(Brief descriptive captions)
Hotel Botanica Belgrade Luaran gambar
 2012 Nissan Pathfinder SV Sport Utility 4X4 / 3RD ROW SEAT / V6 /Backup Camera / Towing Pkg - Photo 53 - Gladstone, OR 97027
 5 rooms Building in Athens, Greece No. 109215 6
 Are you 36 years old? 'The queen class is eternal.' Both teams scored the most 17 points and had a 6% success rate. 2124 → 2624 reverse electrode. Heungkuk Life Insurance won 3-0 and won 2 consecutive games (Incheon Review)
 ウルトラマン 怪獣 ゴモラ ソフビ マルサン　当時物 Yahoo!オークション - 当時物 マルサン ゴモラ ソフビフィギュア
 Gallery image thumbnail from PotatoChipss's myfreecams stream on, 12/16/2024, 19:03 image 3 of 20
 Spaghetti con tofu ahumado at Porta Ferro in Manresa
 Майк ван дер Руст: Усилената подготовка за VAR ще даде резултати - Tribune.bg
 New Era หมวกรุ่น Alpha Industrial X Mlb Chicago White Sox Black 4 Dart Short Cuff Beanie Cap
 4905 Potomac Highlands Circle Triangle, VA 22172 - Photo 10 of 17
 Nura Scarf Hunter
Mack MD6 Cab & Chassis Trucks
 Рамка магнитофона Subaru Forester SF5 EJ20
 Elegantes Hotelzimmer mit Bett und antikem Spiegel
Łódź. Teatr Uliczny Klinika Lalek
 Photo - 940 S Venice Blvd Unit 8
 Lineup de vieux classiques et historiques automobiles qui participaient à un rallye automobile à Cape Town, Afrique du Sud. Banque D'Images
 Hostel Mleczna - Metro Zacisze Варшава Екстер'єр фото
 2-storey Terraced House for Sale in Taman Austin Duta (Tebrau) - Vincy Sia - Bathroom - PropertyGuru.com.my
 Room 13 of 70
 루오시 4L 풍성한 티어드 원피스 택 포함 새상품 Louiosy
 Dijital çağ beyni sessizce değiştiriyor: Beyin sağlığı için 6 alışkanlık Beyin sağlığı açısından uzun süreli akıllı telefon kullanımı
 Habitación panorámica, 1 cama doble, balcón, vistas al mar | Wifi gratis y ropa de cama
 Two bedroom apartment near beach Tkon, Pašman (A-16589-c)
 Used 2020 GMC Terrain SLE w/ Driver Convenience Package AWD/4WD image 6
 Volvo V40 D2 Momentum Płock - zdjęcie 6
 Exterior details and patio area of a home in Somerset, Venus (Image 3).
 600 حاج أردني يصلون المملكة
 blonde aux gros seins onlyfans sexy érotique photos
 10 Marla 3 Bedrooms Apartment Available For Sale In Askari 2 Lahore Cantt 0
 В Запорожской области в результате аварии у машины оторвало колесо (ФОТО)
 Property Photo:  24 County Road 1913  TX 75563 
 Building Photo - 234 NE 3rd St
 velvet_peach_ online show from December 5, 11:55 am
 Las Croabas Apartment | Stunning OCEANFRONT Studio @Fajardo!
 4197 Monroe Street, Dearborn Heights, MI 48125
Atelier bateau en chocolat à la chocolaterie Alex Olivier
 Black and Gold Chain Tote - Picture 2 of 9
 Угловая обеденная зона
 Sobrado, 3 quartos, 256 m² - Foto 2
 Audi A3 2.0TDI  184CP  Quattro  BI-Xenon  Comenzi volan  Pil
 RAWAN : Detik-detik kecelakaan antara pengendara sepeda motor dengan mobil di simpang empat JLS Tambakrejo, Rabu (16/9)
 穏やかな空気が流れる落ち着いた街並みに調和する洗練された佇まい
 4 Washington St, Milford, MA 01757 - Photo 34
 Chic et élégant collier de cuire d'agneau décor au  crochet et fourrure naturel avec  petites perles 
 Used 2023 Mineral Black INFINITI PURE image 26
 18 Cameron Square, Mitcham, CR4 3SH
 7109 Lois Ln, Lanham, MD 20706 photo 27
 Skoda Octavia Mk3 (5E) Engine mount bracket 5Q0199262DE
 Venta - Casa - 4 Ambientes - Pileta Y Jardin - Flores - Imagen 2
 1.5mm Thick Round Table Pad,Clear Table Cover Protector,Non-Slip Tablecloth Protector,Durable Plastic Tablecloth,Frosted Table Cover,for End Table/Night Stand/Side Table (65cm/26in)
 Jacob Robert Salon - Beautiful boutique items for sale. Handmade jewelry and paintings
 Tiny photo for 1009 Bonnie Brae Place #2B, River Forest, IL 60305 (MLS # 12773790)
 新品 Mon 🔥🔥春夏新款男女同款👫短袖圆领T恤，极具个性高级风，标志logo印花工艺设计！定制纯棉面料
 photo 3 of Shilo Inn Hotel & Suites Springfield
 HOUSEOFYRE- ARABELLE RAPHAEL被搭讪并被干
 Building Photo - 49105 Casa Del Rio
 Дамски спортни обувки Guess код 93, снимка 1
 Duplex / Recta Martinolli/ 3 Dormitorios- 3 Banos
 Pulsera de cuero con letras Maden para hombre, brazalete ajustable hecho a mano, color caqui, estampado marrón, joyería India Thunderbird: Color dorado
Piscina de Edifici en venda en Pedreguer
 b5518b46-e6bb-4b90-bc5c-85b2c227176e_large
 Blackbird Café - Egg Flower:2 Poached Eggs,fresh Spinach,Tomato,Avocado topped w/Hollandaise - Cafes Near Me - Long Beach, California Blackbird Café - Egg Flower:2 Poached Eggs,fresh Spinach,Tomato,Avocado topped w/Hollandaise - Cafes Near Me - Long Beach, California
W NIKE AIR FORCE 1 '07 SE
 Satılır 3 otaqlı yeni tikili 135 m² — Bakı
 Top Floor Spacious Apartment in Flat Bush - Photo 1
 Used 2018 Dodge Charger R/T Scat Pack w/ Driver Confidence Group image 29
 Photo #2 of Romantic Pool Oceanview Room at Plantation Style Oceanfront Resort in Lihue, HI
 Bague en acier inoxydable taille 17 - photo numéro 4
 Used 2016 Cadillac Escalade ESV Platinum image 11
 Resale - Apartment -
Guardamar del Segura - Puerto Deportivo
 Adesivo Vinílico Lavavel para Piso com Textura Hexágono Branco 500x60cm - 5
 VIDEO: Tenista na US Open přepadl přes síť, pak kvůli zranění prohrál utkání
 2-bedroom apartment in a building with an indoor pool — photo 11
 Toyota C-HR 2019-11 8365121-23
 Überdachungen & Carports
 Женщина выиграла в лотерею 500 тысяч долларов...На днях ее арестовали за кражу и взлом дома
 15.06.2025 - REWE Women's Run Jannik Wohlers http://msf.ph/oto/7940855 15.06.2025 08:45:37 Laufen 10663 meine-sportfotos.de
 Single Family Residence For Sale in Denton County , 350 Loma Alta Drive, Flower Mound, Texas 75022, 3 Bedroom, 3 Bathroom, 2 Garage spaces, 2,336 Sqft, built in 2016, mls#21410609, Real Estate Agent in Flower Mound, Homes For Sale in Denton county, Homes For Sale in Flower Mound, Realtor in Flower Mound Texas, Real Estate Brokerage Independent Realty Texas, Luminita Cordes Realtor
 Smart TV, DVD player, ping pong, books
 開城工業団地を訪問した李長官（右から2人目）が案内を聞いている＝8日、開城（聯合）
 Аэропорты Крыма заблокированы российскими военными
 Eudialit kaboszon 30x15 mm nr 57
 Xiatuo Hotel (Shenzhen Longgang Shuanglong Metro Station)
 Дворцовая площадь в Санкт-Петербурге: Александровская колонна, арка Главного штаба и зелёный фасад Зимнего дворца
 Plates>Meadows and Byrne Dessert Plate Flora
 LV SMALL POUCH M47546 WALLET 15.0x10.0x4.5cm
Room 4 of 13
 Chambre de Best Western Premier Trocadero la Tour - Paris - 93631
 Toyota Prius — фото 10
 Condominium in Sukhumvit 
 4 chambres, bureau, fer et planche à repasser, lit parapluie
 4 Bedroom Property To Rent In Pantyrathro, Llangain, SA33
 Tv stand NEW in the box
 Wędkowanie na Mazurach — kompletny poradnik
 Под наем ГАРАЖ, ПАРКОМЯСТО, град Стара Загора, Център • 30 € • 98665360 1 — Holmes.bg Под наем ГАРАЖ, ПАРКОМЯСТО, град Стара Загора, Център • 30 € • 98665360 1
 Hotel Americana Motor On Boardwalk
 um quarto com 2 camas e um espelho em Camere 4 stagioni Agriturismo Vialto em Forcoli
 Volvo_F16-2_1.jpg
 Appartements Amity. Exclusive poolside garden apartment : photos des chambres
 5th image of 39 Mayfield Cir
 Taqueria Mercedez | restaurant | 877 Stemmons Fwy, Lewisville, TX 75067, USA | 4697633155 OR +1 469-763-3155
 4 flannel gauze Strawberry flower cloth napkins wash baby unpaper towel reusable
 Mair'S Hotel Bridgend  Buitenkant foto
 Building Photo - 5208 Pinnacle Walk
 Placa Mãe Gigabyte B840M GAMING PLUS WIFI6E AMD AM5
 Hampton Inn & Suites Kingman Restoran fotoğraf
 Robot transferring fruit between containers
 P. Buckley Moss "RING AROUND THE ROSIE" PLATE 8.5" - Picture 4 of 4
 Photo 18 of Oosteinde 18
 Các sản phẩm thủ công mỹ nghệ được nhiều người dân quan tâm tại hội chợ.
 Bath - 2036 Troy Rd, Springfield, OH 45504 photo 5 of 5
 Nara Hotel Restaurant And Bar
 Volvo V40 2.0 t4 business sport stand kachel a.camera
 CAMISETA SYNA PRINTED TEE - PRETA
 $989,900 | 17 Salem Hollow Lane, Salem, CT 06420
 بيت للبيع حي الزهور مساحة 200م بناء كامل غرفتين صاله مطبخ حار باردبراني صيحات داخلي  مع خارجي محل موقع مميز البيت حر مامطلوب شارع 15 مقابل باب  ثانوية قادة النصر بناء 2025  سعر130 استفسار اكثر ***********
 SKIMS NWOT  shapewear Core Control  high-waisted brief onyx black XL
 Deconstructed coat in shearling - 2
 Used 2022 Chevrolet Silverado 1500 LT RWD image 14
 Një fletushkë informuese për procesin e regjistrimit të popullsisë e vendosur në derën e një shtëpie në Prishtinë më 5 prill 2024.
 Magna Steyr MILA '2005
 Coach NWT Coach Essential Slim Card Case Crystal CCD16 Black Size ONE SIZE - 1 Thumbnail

▸ **What is being asked**
Transcribe the records from their first line. Stop after the line with "Hostel Mleczna - Metro", including it.

▸ **The completed task**
Hotel Botanica Belgrade Luaran gambar
 2012 Nissan Pathfinder SV Sport Utility 4X4 / 3RD ROW SEAT / V6 /Backup Camera / Towing Pkg - Photo 53 - Gladstone, OR 97027
 5 rooms Building in Athens, Greece No. 109215 6
 Are you 36 years old? 'The queen class is eternal.' Both teams scored the most 17 points and had a 6% success rate. 2124 → 2624 reverse electrode. Heungkuk Life Insurance won 3-0 and won 2 consecutive games (Incheon Review)
 ウルトラマン 怪獣 ゴモラ ソフビ マルサン　当時物 Yahoo!オークション - 当時物 マルサン ゴモラ ソフビフィギュア
 Gallery image thumbnail from PotatoChipss's myfreecams stream on, 12/16/2024, 19:03 image 3 of 20
 Spaghetti con tofu ahumado at Porta Ferro in Manresa
 Майк ван дер Руст: Усилената подготовка за VAR ще даде резултати - Tribune.bg
 New Era หมวกรุ่น Alpha Industrial X Mlb Chicago White Sox Black 4 Dart Short Cuff Beanie Cap
 4905 Potomac Highlands Circle Triangle, VA 22172 - Photo 10 of 17
 Nura Scarf Hunter
Mack MD6 Cab & Chassis Trucks
 Рамка магнитофона Subaru Forester SF5 EJ20
 Elegantes Hotelzimmer mit Bett und antikem Spiegel
Łódź. Teatr Uliczny Klinika Lalek
 Photo - 940 S Venice Blvd Unit 8
 Lineup de vieux classiques et historiques automobiles qui participaient à un rallye automobile à Cape Town, Afrique du Sud. Banque D'Images
 Hostel Mleczna - Metro Zacisze Варшава Екстер'єр фото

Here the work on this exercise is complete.